If not already obvious, the title of this weblog post is clickbait. There are very good reasons to have highlight.js (‘picked on’ for being probably the most popular), Prism, et al., in a client-side package. These syntax highlighters are meant for highlighting your dynamic in web applications where a server side trip would be slow & expensive. In fact, the aforementioned options can be used as a part of a build-time or server-side highlighting solution.
The focus of this post however will be on that static side of the equation where syntax highlighting on the client is a problem—not disparaging a particular syntax highlighting library.
A probably not uncommon scenario
Imagine: you’re a developer & you just built a cool project or have a cool idea & now the time has come to publish it and/or content about it.
Since you’re a dev & your audience is largely other devs, you’ll be needing code samples & demonstrations on how to use your project/idea.

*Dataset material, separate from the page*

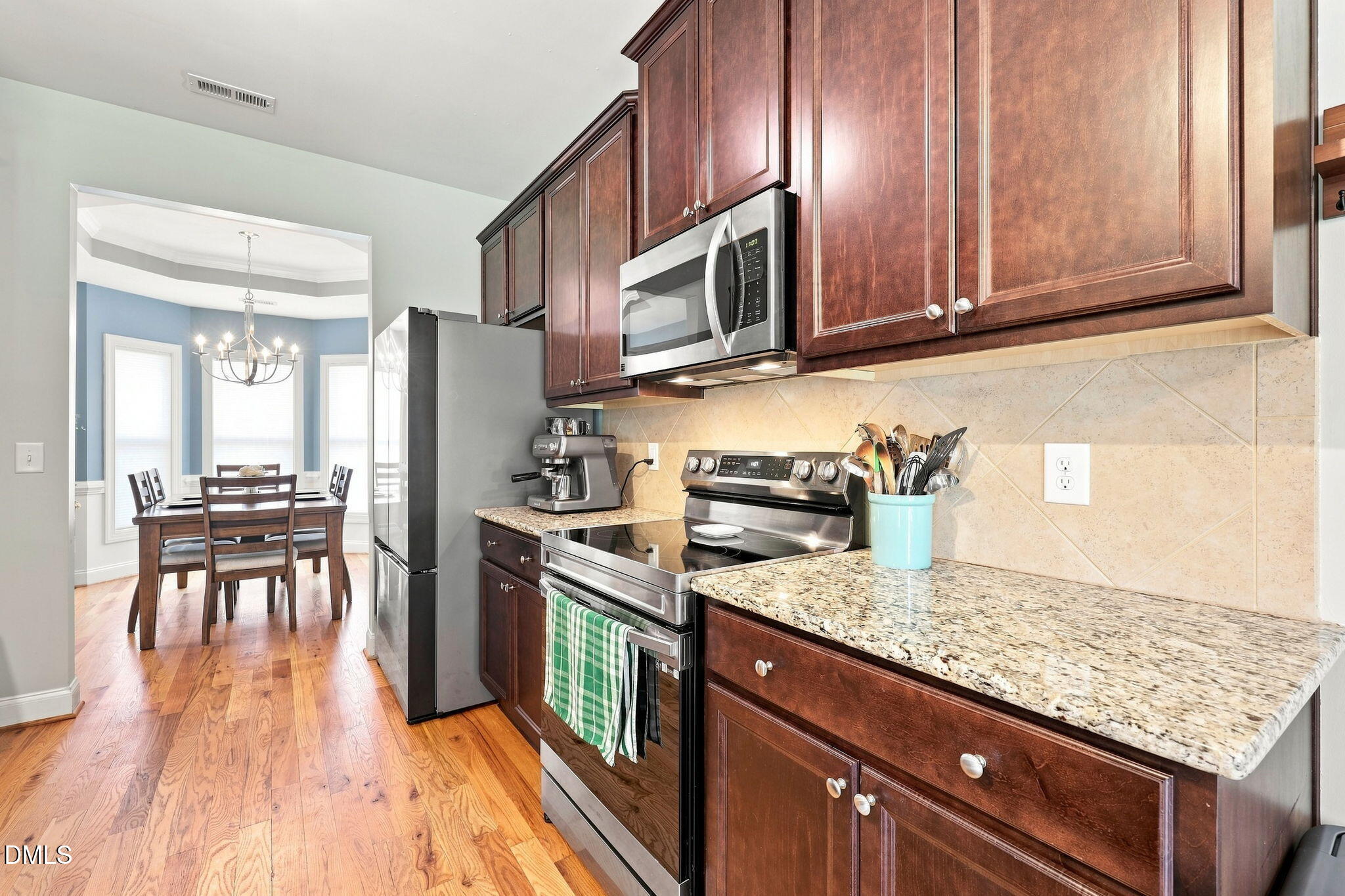 2928 Plantation Glen Drive Property Photo 9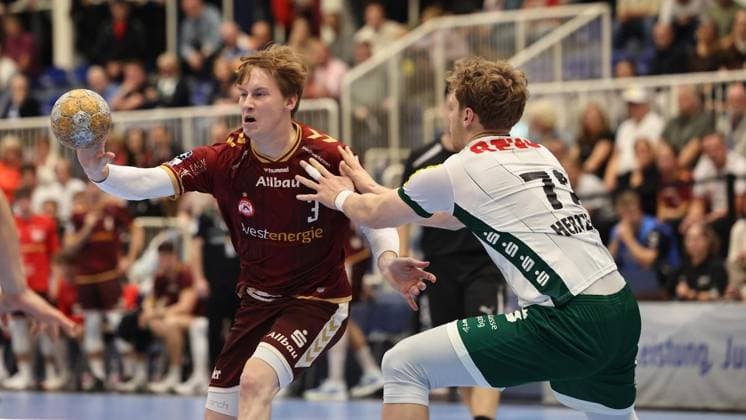 Handball - 2. Bundesliga Tusem Essen gegen SC DHfK Leipzig ** NUR FÜR REDAKTIONELLE ZWECKE ** EDITORIAL USE ONLY **<p>Tim Hertzfeld (SC DHfK Leipzig) (R) verteidigt gegen es03 (Tusem Essen) beim Spiel der 2. Handball-Bundesliga zwischen Tusem Essen und SC DHfK Leipzig am 02. Oktober 2026 in der Sporthalle Am Hallo in Essen. Deutschland Nordrhein-Westfalen Essen Copyright: ChristofxKöpsel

Your text editor had ‘fancy’ colors for the different syntactic elements of your code & your docs/posts deserves that same treatment.
With other devs reading, they’ll likely be used to this colorful setup too, & prefer too since the colors help most coders quickly parse the code in their heads.
But you’ve ran into a problem: HTML’s built-in
<pre> tag offers no such highlighting—no, you are stuck with black & white (or whatever colors you’ve designed with, or whatever color the consumer’s user agent selected) but this is solvable because you’ve seen it other places on the web!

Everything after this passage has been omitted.